The scale of commercial content moderation is really difficult to imagine. See above for a photo from a talk by the legal scholar Evelyn Douek (via Masnick). In half an hour, Facebook takes down more than 600,000 pieces of content—and of course, it decides to leave up a lot of content as well after taking a look at it. Scale is a logistical problem with no clear solution. What would it even mean to moderate the content “accurately”? And even if moderation is accurate, that’s still a problem:
If there’s a 99.9% accuracy rate, it’s still going to make “mistakes” on 350,000 images. Every. Single. Day. So, add another 350,000 mistakes the next day. And the next. And the next. And so on.
But if scale is a logistical problem with no clear logistical solution, there is one big difference. Not all posts are the same. Most social media posts are not seen by anyone. Some posts are seen by a lot of people. And it’s not clear which posts will be seen by no one and which will be seen by lots of people; that’s the problem of “virality” (on which more below). In other words, if social media allows “speech,” it does not necessarily guarantee “reach.” You are quite likely to be someone who posts a lot but whose posts are never read by anyone.
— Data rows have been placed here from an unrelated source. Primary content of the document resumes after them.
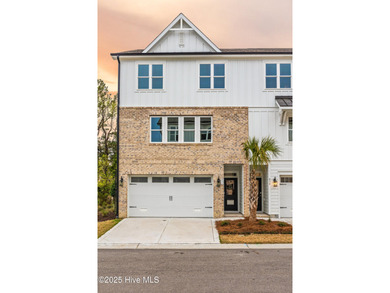 Brand new and move-in ready in Anchors Bend Townes. This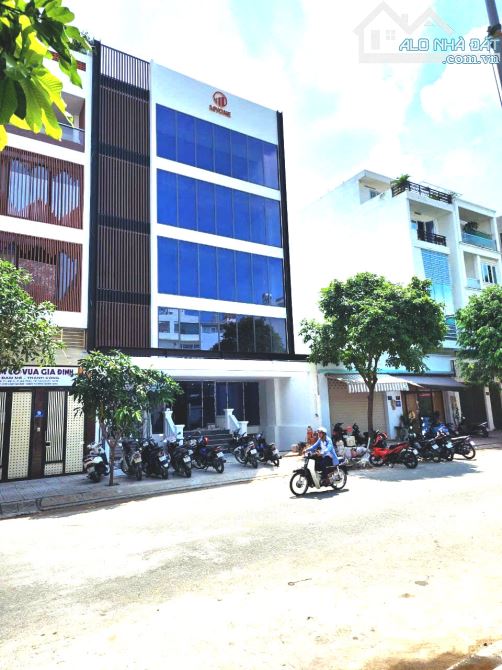 TÒA NHÀ ĐƯỜNG LƯƠNG ĐỊNH CỦA AN PHÚ Q2 HẦM 6 TẦNG 1000M2 SÀN TRỐNG SUỐT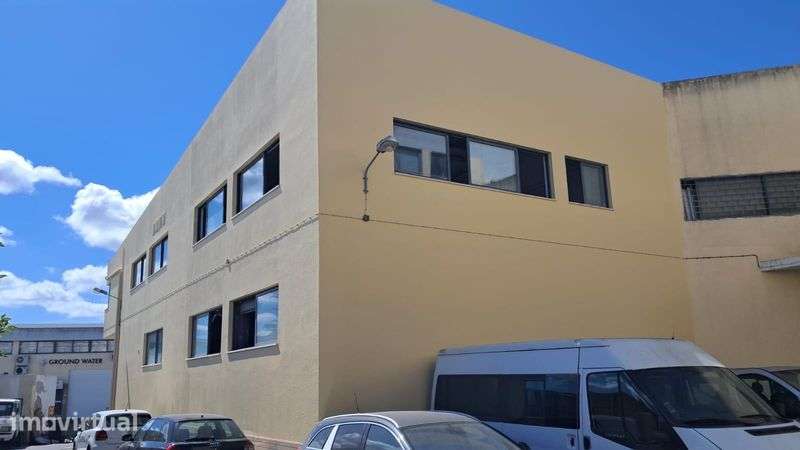 Pavilhão industrial Santa Marta de Corroios - Grande imagem: 2/4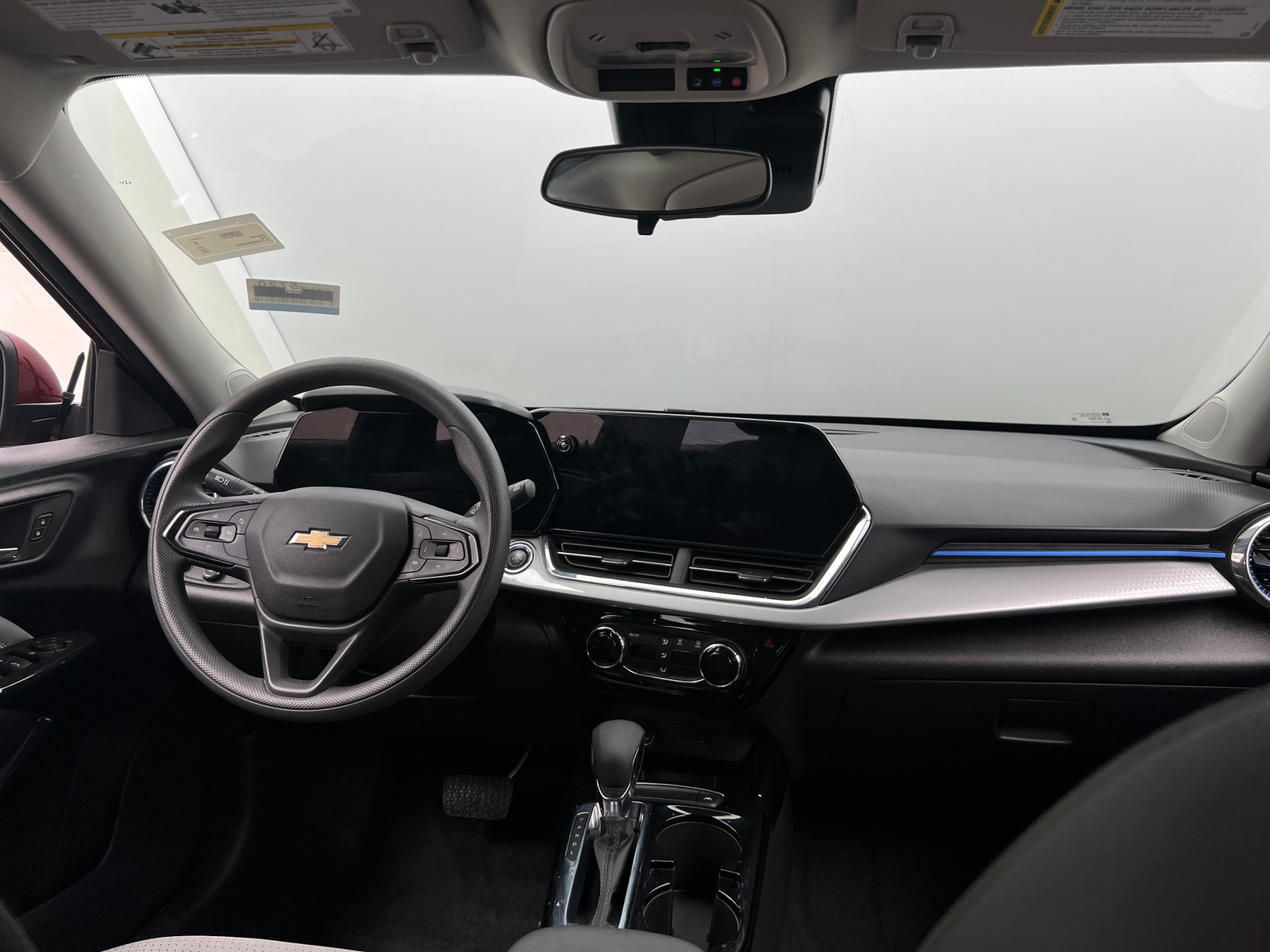 Thumbnail: 2025 Chevrolet Trax - 3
Or you might get lucky and find your post going viral.
But the possibility of virality means that (a) perhaps we don’t need to apply exacting standards to a post if it’s just going to fade into the ether, but then (b) on the other hand, what if we didn’t apply those exacting standards and it did become viral? More on that in the section on virality but before we go there, there’s a bigger problem: what’s the context that makes a post “appropriate?” That’s what I’m calling “context collapse.”
Context collapse
The legal theorist Helen Nissenbaum has coined a concept called “contextual integrity” to think about the question of privacy. Nissenbaum argues that people live their life in disparate zones and there are different norms around information transmission in those zones. As she puts it:
People “are at home with families, they go to work, they seek medical care, visit friends, consult with psychiatrists, talk with lawyers, go to the bank, attend religious services, vote, shop, and more. Each of these sphere, realms, or contexts involves, indeed may even be defined by, a distinct set of norms, which governs its various aspects such as roles, expectations, actions, and practices.”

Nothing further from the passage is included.